* [Exercise goal] Every entry below should be transcribed exactly; pictures stay out of the copy.

* [Data]

********************

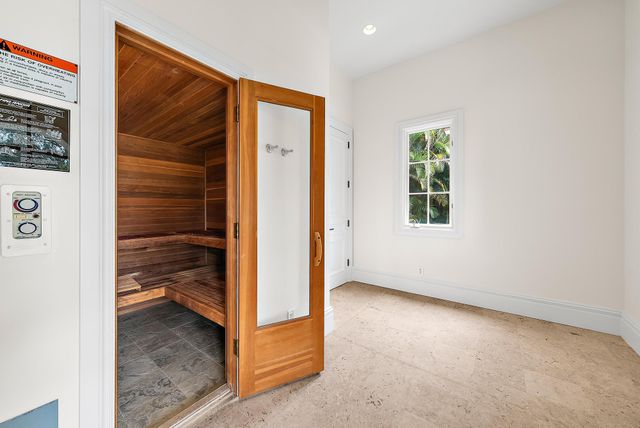 a view of a house with swimming pool and sitting area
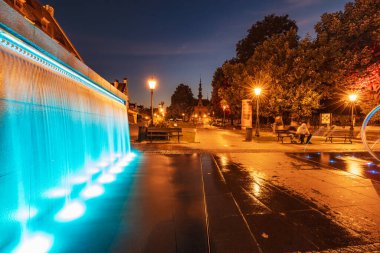 Gdansk, Polonya - 7 Eylül 2023: Güzel Hevelius çeşmesi etraftaki renkli ışıklarla aydınlatılmış ve karanlık öğleden sonra etrafa su sıçratılmış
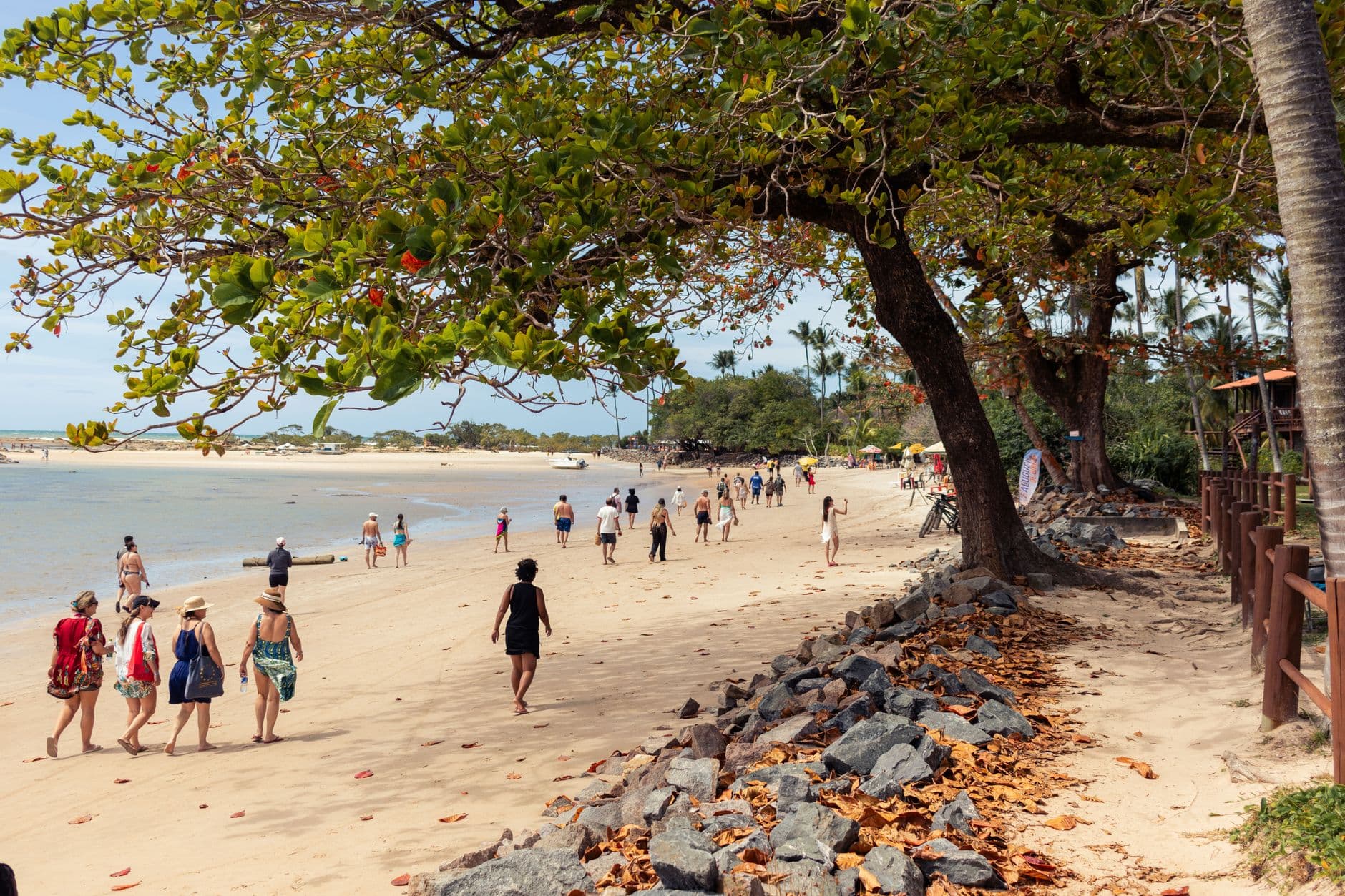 People enjoying a sunny day on the beach at Morro de São Paulo, Bahia, Brazil.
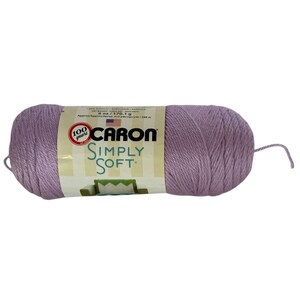 Pode incluir: Meada de fio Caron Simply Soft em um tom suave de lavanda. O rótulo indica 170,1 g e 288 m. O fio é 100% acrílico, ideal para tricô e crochê. O rótulo também indica 6 oz.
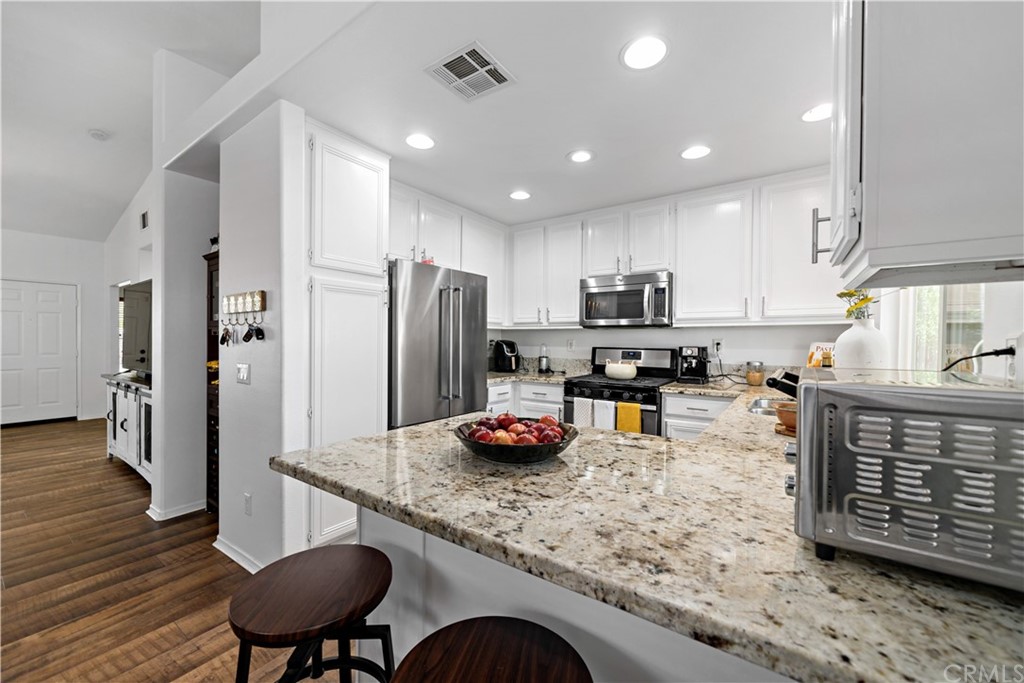 36661 Beech Street Winchester, CA 92596 - Photo 7 of 33 a kitchen with stainless steel appliances granite countertop a refrigerator and a stove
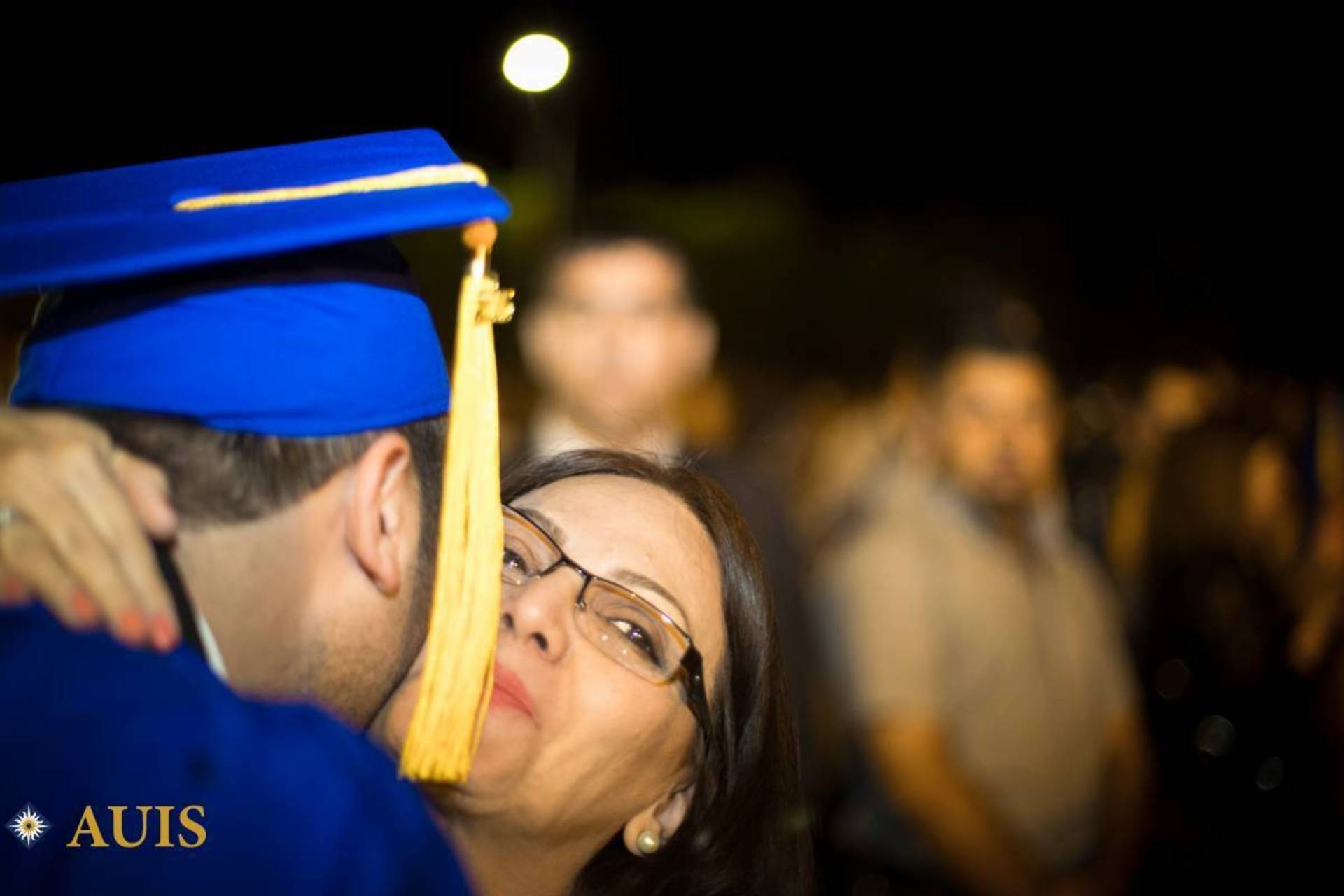 Graduate with parent at 2015 commencement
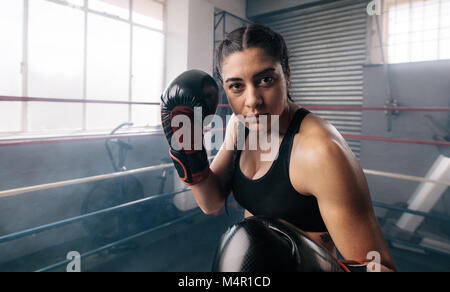 Boxer femmina di mettere in pratica le sue mosse all'interno di un boxing studio. Close up di un boxer femmina facendo shadow boxing all'interno di un anello di inscatolamento. Foto Stock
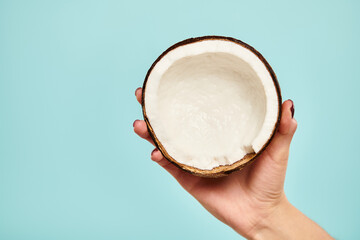 object photo of delicious piece of coconut in hand of young unknown woman on vibrant blue backdrop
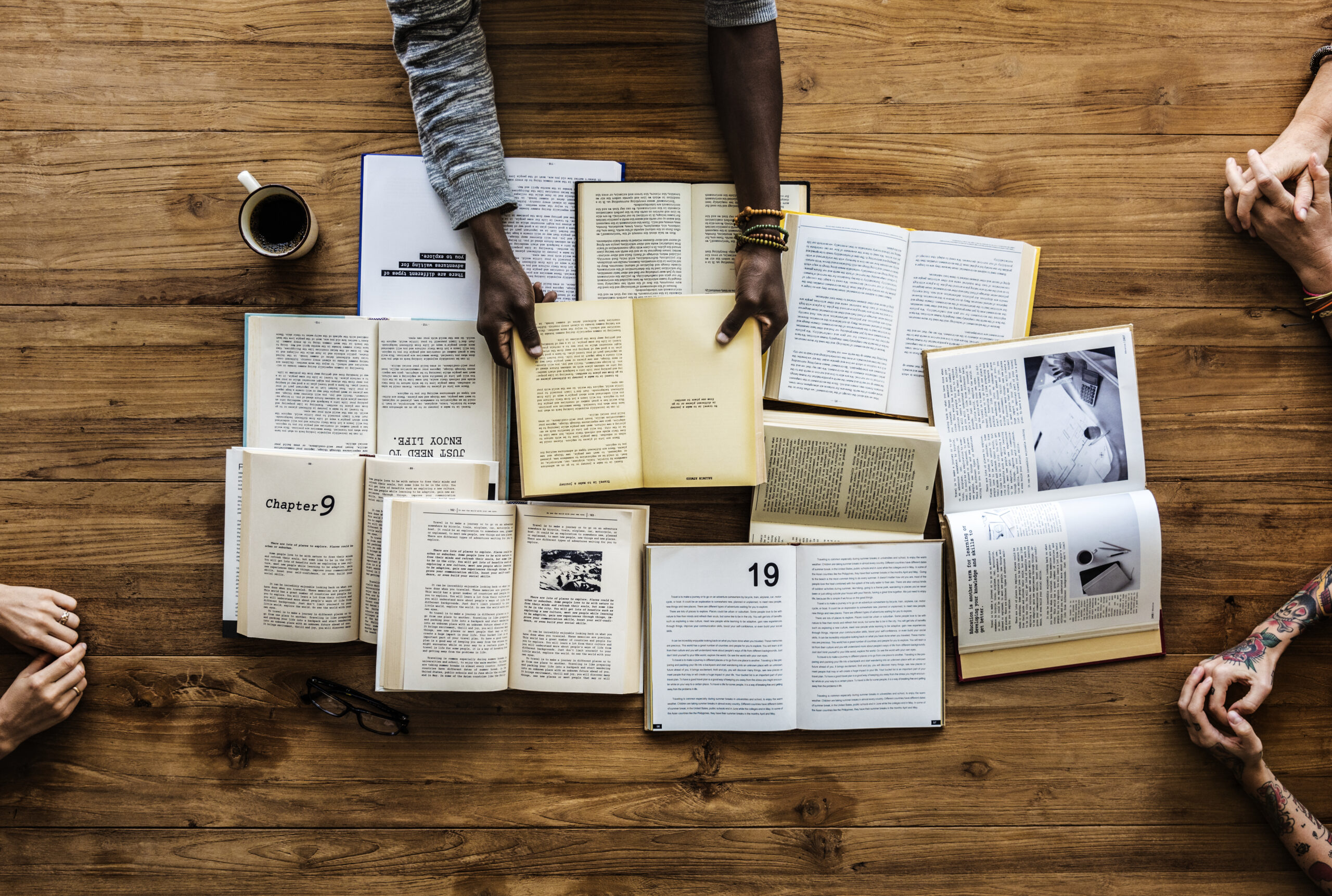 Open books spread across a wooden table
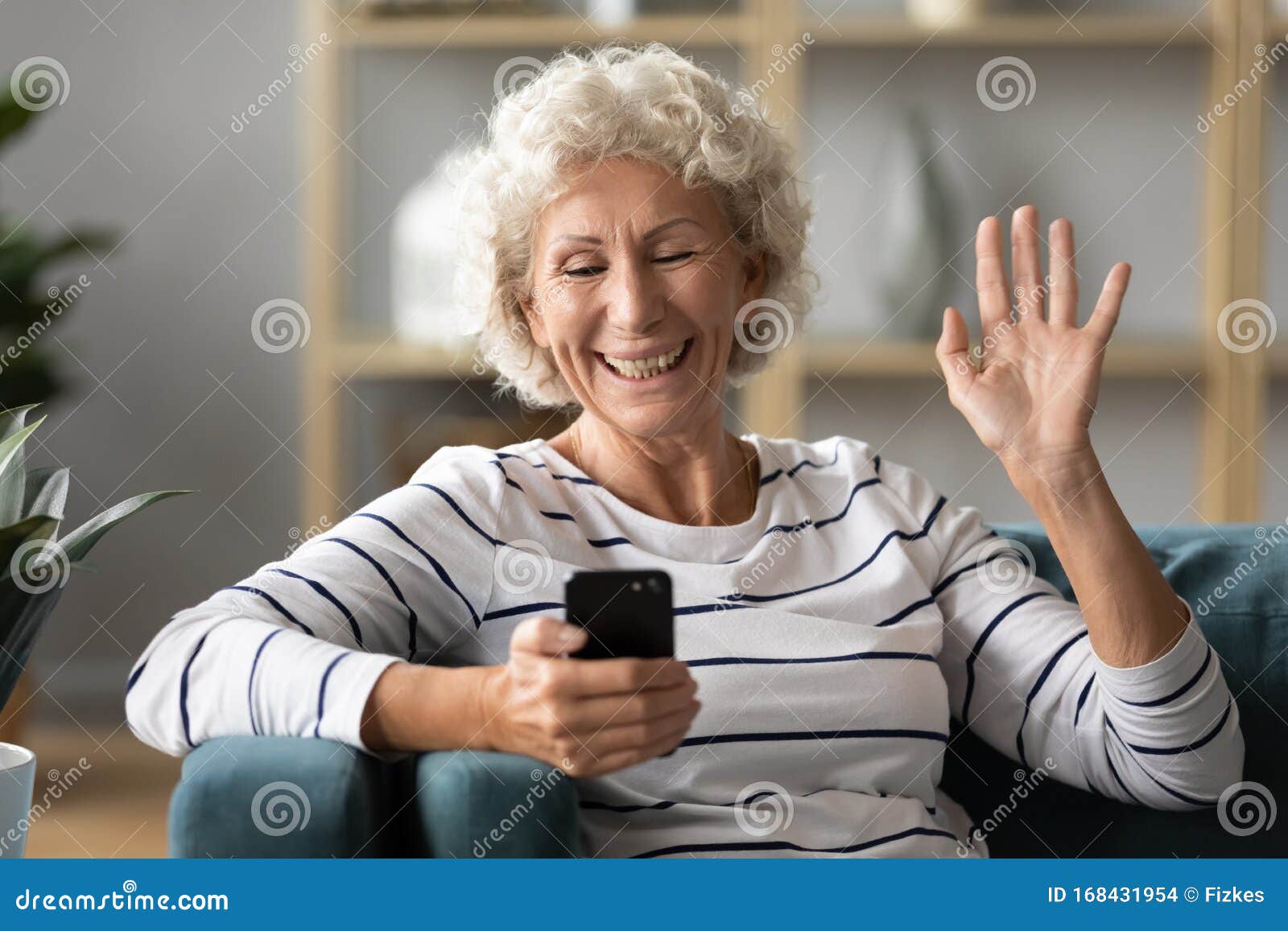 elderly woman holding smartphone wave hand having videocall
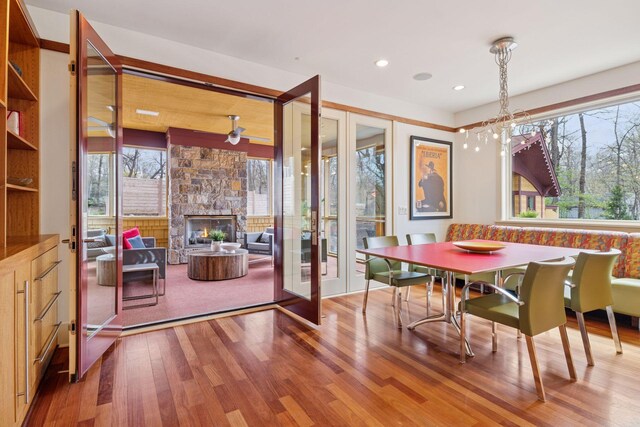 dining space with recessed lighting, french doors, wood finished floors, and a fireplace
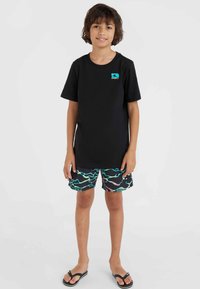 Camiseta negra de manga corta con logo turquesa, combinada con bañadores negros que tienen un patrón de olas coloridas. Usado con chanclas negras.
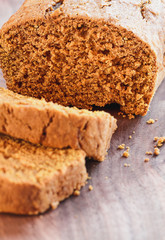 Abstract of cut fresh baked homemade pumpkin bread. Selective focus on middle of bread with extreme blurred foreground and background.
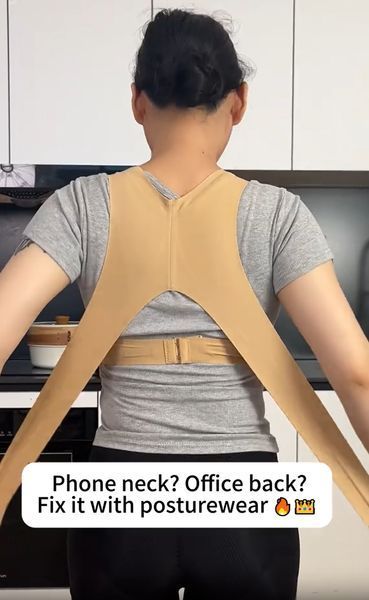 Person wearing a beige posture correction device over a gray shirt in a kitchen setting
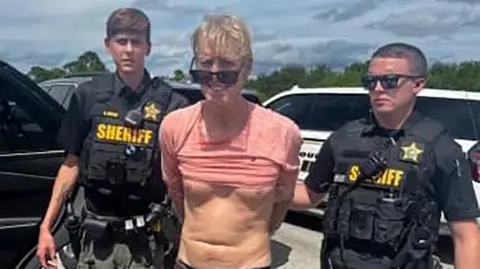 Reuters / Martin County Sheriff's Office A inactive  from a constabulary  video showing Ryan Routh, a antheral   with a mop of blond hair, sunglasses and a pinkish  T-shirt pulled up   implicit    his stomach, flanked by 2  deputies from the Martin County Sheriff's Office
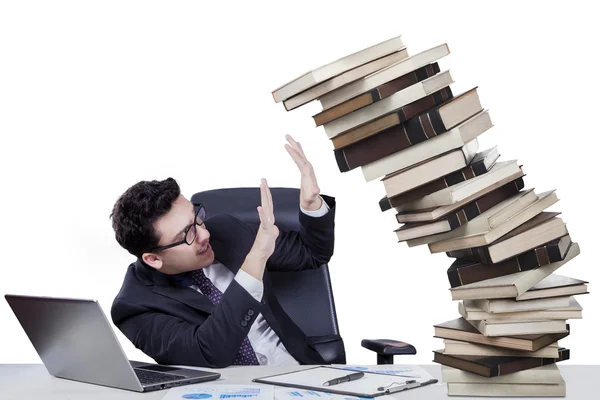 Male manager with falling books on desk Royalty Free Stock Images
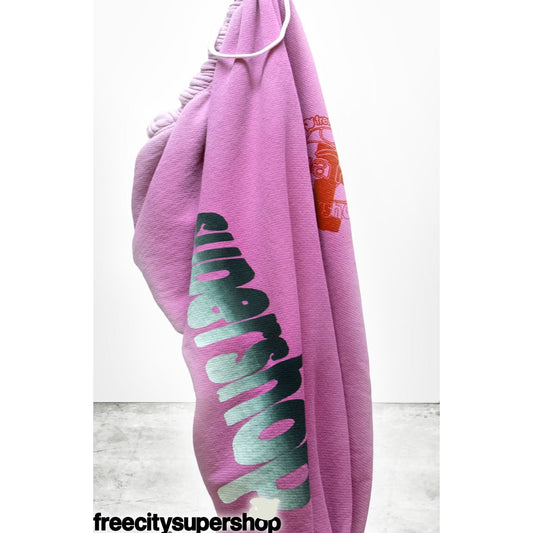 Women's pink sweatpants from Freecity's ARTYARD/SUPERSHOP SUPERVINTAGE YUMM OG collection, featuring a relaxed fit and soft fabric.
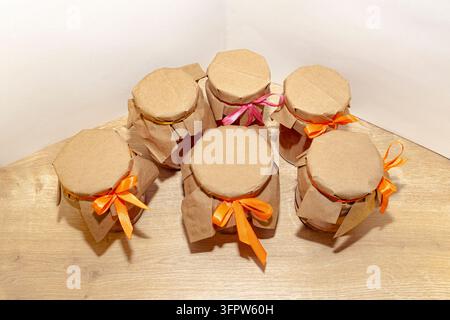 Marmellata di frutta fatta in casa in barattoli di vetro con coperchi di carta kraft e nastri colorati, disposti su un tavolo di legno per regali di cibo fatti a mano e occasioni festive Foto Stock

********************

* [Exercise response]
 a view of a house with swimming pool and sitting area
 Gdansk, Polonya - 7 Eylül 2023: Güzel Hevelius çeşmesi etraftaki renkli ışıklarla aydınlatılmış ve karanlık öğleden sonra etrafa su sıçratılmış
 People enjoying a sunny day on the beach at Morro de São Paulo, Bahia, Brazil.
 Pode incluir: Meada de fio Caron Simply Soft em um tom suave de lavanda. O rótulo indica 170,1 g e 288 m. O fio é 100% acrílico, ideal para tricô e crochê. O rótulo também indica 6 oz.
 36661 Beech Street Winchester, CA 92596 - Photo 7 of 33 a kitchen with stainless steel appliances granite countertop a refrigerator and a stove
 Graduate with parent at 2015 commencement
 Boxer femmina di mettere in pratica le sue mosse all'interno di un boxing studio. Close up di un boxer femmina facendo shadow boxing all'interno di un anello di inscatolamento. Foto Stock
 object photo of delicious piece of coconut in hand of young unknown woman on vibrant blue backdrop
 Open books spread across a wooden table
 elderly woman holding smartphone wave hand having videocall
 dining space with recessed lighting, french doors, wood finished floors, and a fireplace
 Camiseta negra de manga corta con logo turquesa, combinada con bañadores negros que tienen un patrón de olas coloridas. Usado con chanclas negras.
 Abstract of cut fresh baked homemade pumpkin bread. Selective focus on middle of bread with extreme blurred foreground and background.
 Person wearing a beige posture correction device over a gray shirt in a kitchen setting
 Reuters / Martin County Sheriff's Office A inactive  from a constabulary  video showing Ryan Routh, a antheral   with a mop of blond hair, sunglasses and a pinkish  T-shirt pulled up   implicit    his stomach, flanked by 2  deputies from the Martin County Sheriff's Office
 Male manager with falling books on desk Royalty Free Stock Images
 Women's pink sweatpants from Freecity's ARTYARD/SUPERSHOP SUPERVINTAGE YUMM OG collection, featuring a relaxed fit and soft fabric.
 Marmellata di frutta fatta in casa in barattoli di vetro con coperchi di carta kraft e nastri colorati, disposti su un tavolo di legno per regali di cibo fatti a mano e occasioni festive Foto Stock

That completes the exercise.